A new study from the British Gaming Council (BGC)estimates that 1.5 million British citizens are still gambling on black market sites. Conducted by Frontier Economics on behalf of the BGC and titled “The size and economic costs of black market gambling in Great Britain“ the report estimates that those 1.5 million outlaw Brits are spending as much as £4.5 billion ($5.7 billion USD) each year with unlicensed operators.

Offshore gambling is a big problem in almost every country, but rarely does it get as close an examination as the BGC has provided in this latest report. The last deep dive into offshore gambling and its impact was, arguably, the (not-so-recent) Government white paper on gambling reform.

Beside depriving players of the protections provided by a regulated gaming site, black market sites also rob governments of desperately needed tax revenue. According to the BGC, offshore operators deprive British taxpayers of as much as £335 million ($471 million USD) in revenue every five years. That’s the equivalent of about 1,500 teacher salaries over that same amount of time.

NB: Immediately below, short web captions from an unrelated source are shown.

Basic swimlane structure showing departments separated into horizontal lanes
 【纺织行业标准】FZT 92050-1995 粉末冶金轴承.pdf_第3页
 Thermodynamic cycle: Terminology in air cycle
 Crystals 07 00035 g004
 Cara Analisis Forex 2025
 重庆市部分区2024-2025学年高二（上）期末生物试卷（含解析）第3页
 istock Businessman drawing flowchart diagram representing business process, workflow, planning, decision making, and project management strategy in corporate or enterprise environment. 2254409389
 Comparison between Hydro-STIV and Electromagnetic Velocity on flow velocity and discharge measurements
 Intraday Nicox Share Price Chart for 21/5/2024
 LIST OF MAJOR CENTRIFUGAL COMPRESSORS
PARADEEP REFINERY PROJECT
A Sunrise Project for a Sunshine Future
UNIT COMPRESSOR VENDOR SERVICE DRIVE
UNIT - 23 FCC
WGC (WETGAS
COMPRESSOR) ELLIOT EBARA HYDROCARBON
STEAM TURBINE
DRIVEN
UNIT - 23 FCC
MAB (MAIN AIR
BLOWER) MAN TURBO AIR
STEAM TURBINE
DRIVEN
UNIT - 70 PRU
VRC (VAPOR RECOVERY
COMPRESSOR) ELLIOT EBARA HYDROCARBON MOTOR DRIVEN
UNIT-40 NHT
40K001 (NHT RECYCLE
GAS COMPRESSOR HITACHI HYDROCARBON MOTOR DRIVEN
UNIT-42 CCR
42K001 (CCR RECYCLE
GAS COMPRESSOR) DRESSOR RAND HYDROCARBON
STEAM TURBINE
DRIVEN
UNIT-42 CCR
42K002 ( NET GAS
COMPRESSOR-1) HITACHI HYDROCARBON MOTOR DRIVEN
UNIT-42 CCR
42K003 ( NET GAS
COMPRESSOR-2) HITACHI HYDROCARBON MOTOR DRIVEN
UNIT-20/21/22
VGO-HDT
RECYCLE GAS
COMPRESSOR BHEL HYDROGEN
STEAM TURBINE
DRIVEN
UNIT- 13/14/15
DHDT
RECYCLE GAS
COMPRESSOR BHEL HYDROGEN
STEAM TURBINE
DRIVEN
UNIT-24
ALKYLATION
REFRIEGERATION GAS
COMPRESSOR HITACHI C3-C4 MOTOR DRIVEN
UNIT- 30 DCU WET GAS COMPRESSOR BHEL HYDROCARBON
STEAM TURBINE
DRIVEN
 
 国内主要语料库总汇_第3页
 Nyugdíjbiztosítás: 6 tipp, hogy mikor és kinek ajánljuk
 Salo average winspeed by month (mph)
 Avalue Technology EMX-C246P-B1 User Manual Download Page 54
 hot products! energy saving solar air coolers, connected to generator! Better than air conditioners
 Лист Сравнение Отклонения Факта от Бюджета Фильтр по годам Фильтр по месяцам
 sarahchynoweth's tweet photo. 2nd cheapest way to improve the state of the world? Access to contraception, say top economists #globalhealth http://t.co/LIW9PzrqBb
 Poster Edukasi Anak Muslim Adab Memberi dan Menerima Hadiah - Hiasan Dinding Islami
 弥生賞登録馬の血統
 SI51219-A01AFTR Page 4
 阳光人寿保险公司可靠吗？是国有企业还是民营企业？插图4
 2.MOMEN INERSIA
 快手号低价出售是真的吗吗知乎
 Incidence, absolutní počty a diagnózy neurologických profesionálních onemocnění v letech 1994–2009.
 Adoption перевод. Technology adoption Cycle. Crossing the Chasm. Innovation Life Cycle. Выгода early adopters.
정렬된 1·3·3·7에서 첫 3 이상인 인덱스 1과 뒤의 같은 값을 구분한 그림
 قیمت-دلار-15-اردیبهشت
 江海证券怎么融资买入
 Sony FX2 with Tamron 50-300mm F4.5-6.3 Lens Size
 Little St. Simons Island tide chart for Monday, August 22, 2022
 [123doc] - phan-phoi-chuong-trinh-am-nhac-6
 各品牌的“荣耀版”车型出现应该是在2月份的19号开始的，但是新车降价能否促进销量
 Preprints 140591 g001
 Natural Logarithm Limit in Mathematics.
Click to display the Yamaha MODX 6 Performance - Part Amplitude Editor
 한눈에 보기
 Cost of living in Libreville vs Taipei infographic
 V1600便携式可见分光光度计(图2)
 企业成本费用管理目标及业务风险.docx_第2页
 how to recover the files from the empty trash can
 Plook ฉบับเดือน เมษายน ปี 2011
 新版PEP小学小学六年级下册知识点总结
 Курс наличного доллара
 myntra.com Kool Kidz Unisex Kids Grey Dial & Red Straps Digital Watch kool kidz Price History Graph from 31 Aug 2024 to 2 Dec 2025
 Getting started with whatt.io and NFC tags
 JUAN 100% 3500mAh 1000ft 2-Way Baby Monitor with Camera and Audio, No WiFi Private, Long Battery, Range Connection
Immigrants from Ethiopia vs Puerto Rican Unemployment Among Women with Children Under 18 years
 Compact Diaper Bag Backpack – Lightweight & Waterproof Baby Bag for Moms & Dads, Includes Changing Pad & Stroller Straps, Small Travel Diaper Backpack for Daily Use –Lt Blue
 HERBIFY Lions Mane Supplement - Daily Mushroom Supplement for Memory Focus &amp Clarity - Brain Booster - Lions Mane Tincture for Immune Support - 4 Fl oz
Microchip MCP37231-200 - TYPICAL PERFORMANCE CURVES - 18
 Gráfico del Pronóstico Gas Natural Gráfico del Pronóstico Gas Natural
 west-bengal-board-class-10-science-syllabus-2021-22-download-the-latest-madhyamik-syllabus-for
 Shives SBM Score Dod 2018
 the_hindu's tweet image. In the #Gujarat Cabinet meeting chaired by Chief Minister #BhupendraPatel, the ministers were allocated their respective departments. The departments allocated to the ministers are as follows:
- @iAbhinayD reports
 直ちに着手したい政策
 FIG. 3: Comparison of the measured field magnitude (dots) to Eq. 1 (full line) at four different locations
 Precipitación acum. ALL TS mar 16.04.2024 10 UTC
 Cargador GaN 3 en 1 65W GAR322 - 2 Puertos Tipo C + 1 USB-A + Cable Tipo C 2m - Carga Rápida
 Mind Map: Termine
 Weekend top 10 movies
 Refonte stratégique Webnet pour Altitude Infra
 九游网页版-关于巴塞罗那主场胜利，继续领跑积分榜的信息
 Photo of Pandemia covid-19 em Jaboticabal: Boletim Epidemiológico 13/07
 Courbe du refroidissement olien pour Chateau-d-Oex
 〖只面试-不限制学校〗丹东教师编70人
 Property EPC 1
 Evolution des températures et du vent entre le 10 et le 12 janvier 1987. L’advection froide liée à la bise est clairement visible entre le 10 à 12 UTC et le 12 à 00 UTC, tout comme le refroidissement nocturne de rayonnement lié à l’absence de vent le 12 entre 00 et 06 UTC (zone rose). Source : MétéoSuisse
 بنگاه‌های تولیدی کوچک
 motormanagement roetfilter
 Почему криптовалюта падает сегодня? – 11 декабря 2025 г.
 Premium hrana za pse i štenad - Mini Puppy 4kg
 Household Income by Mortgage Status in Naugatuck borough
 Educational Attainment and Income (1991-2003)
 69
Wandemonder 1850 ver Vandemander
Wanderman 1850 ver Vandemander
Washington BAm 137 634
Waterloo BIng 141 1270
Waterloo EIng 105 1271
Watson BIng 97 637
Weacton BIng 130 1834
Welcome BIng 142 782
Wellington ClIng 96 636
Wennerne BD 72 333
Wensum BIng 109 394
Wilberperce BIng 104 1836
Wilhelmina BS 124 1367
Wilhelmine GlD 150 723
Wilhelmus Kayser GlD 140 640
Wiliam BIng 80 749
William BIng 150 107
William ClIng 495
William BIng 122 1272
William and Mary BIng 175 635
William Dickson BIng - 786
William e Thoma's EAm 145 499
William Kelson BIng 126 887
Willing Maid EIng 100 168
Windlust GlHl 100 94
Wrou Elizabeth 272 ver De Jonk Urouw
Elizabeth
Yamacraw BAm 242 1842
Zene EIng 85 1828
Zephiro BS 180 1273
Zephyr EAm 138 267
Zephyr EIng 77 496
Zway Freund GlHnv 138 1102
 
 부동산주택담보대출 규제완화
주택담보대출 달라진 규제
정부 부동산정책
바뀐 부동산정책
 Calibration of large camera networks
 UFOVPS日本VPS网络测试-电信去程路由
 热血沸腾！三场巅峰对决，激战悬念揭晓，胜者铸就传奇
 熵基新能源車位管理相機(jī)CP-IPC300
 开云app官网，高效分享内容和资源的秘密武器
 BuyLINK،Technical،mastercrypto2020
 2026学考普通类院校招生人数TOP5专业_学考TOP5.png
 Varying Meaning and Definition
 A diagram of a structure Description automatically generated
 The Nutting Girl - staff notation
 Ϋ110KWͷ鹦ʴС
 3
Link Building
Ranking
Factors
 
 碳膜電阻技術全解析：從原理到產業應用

“This shocking report exposes the unnerving true scale of the growing, unsafe, unregulated gambling black market. From online gaming, to betting on sports like horse racing, millions of customers are being driven into the arms of pernicious black market operators. These people don’t care about player safety, don’t want to pay their fair share to support sport and don’t pay a penny in tax,” Betting and Gaming Council CEO Grainne Hurst said while describing the impact of offshore gambling in a recent press release.

What impact, if any, the report will have on British gambling regulators remains to be seen. But either way, offshore operators represent a genuine threat to regulated gaming and will likely remain the target of the regulated industry’s ire for the foreseeable future.